**Your assignment**
Pictures should be left out when the listing below is repeated word for word.

----

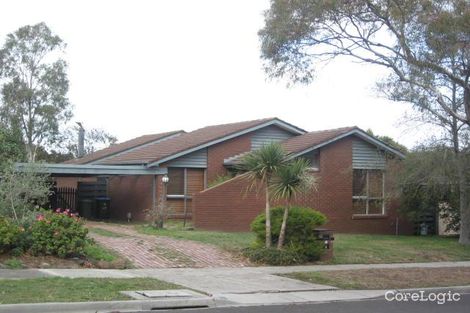 Property photo of 19 Primrose Hill Close Endeavour Hills VIC 3802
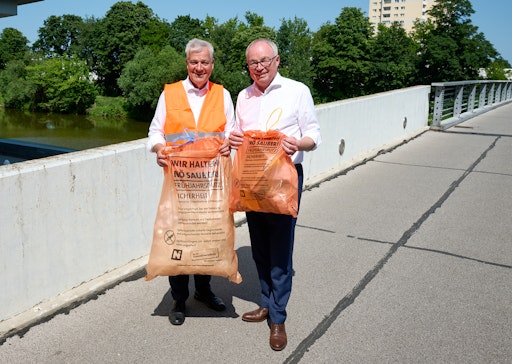  LH-Stellvertreter Stephan Pernkopf und LAbg. Anton Kasser,
Präsident der NÖ Umweltverbände, halten beim offiziellen Fototermin
gefüllte Müllsäcke in die Kamera – als Zeichen des erfolgreichen
Frühjahrsputzes 2025 in Niederösterreich.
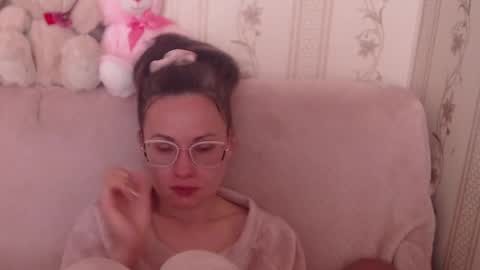 say meow and send tip  online show from 05-04-26, 07:26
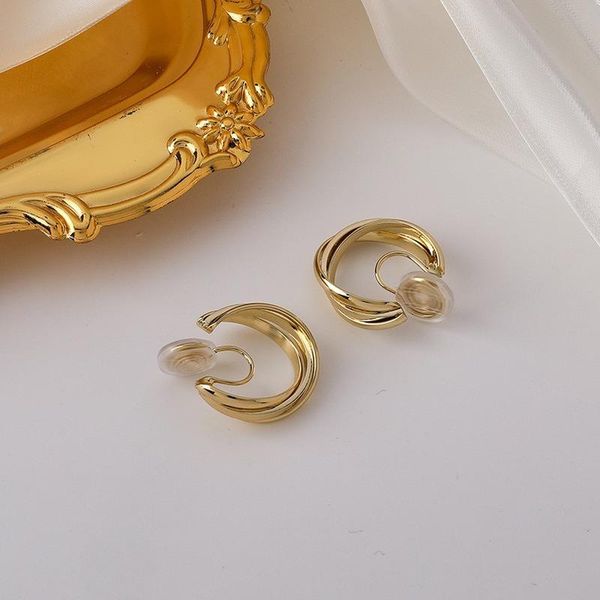 hoop & huggie u-magical korean fashion matte gold color c shape clip earrings for women exquisite metal jewelry pendientes, Golden;silver
hoop & huggie u-magical korean fashion matte gold color c shape clip earrings for women exquisite metal jewelry pendientes, Golden;silver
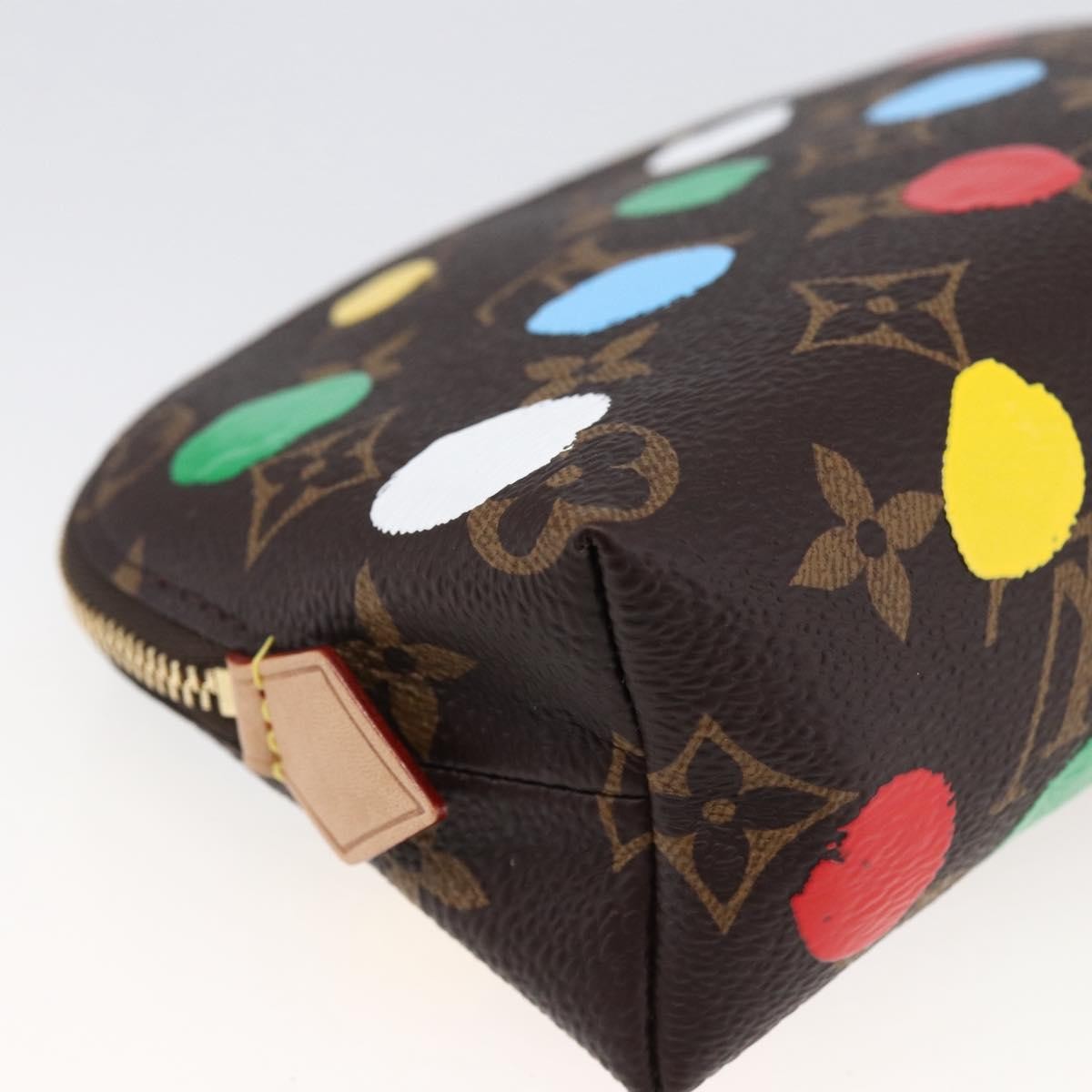 Louis Vuitton Cosmetic Pouch Yayoi Kusama Painted Dots Monogram Canvas Multicolour Canvas Clutche & Pouche Bag (Pre-Owned)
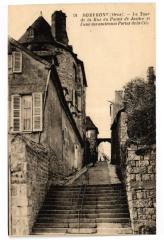 Domfront - La tour de la rue du palais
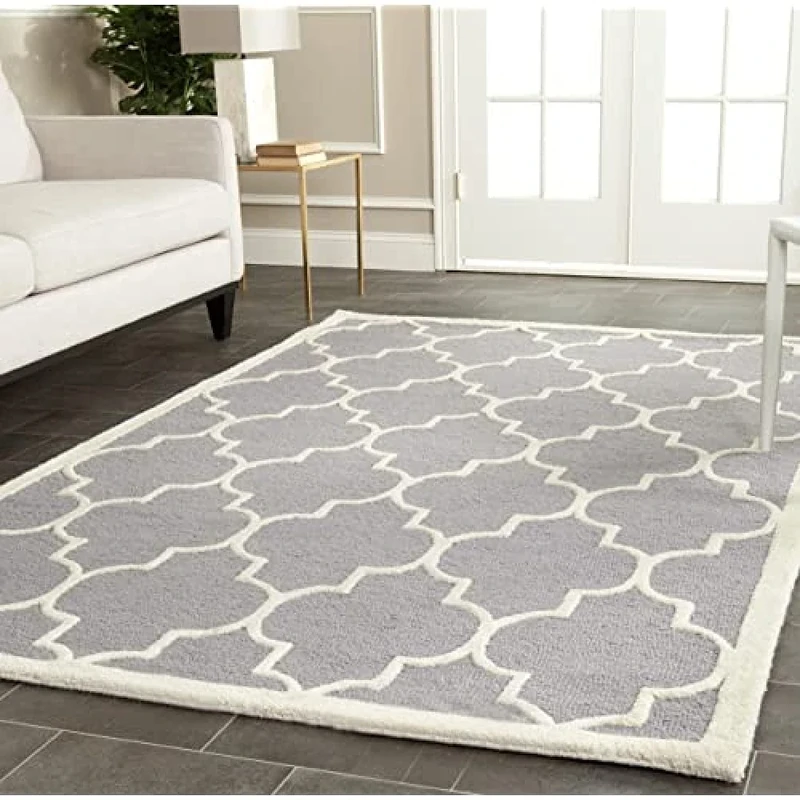 Safavieh Trellis Indoor Hand Tufted Rectangle Area Rug, Cambridge Collection, CAM134, in Silver / Ivory, 152 X 244 cm for Living Room, Bedroom or Any Indoor Space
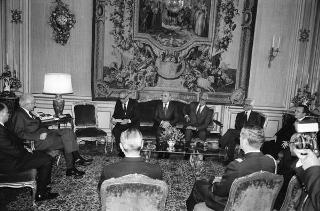 Incontro del Presidente della Repubblica Francesco Cossiga con Vittorio Badini Confalonieri, presidente del Comitato atlantico del Piemonte, con alcuni componenti del Comitato, per presentare gli atti del Convegno "Alleanza atlantica e difesa europea dopo l'Opzione zero - prospettive economiche-industriali"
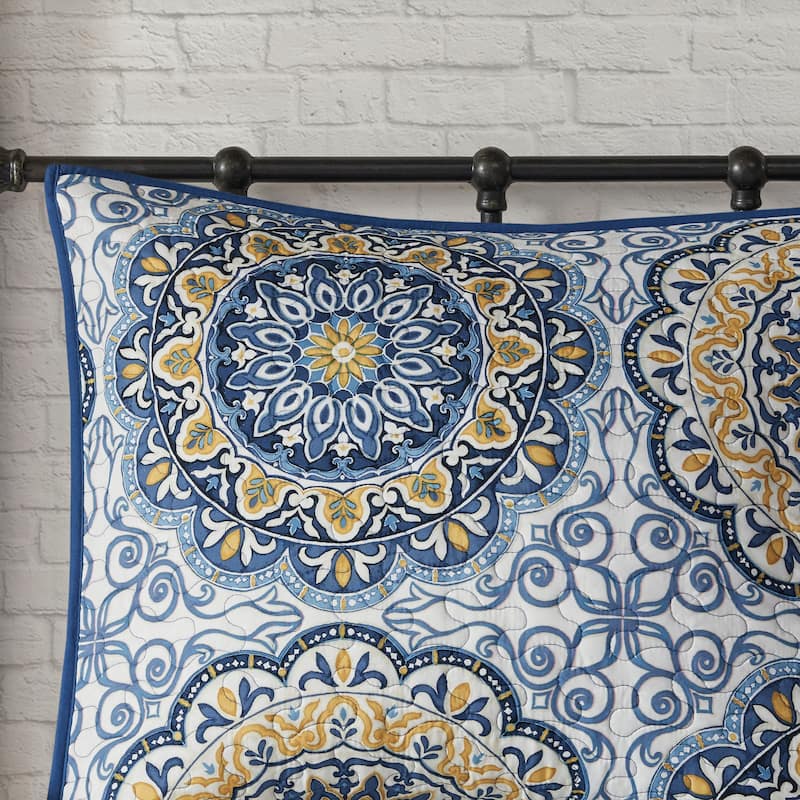 Madison Park Tangiers 6 Piece Reversible Quilt Set with Throw Pillows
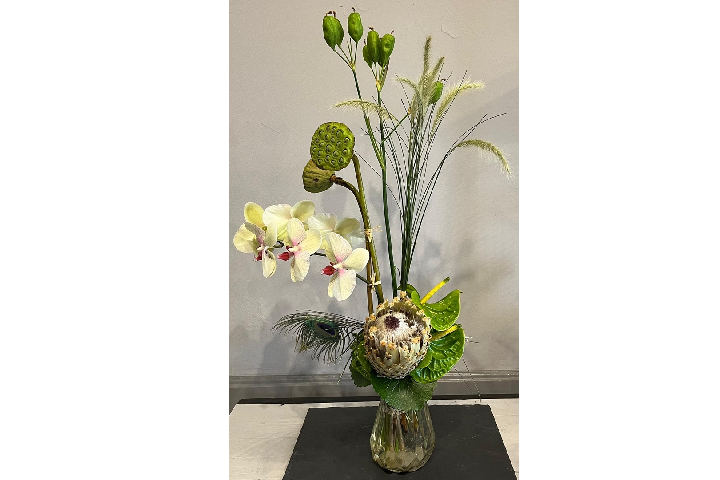 Medium Stylish Bouquet - Nobilis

----

**Problem solution**
 Property photo of 19 Primrose Hill Close Endeavour Hills VIC 3802
  LH-Stellvertreter Stephan Pernkopf und LAbg. Anton Kasser,
Präsident der NÖ Umweltverbände, halten beim offiziellen Fototermin
gefüllte Müllsäcke in die Kamera – als Zeichen des erfolgreichen
Frühjahrsputzes 2025 in Niederösterreich.
 say meow and send tip  online show from 05-04-26, 07:26
 hoop & huggie u-magical korean fashion matte gold color c shape clip earrings for women exquisite metal jewelry pendientes, Golden;silver
hoop & huggie u-magical korean fashion matte gold color c shape clip earrings for women exquisite metal jewelry pendientes, Golden;silver
 Louis Vuitton Cosmetic Pouch Yayoi Kusama Painted Dots Monogram Canvas Multicolour Canvas Clutche & Pouche Bag (Pre-Owned)
 Domfront - La tour de la rue du palais
 Safavieh Trellis Indoor Hand Tufted Rectangle Area Rug, Cambridge Collection, CAM134, in Silver / Ivory, 152 X 244 cm for Living Room, Bedroom or Any Indoor Space
 Incontro del Presidente della Repubblica Francesco Cossiga con Vittorio Badini Confalonieri, presidente del Comitato atlantico del Piemonte, con alcuni componenti del Comitato, per presentare gli atti del Convegno "Alleanza atlantica e difesa europea dopo l'Opzione zero - prospettive economiche-industriali"
 Madison Park Tangiers 6 Piece Reversible Quilt Set with Throw Pillows
 Medium Stylish Bouquet - Nobilis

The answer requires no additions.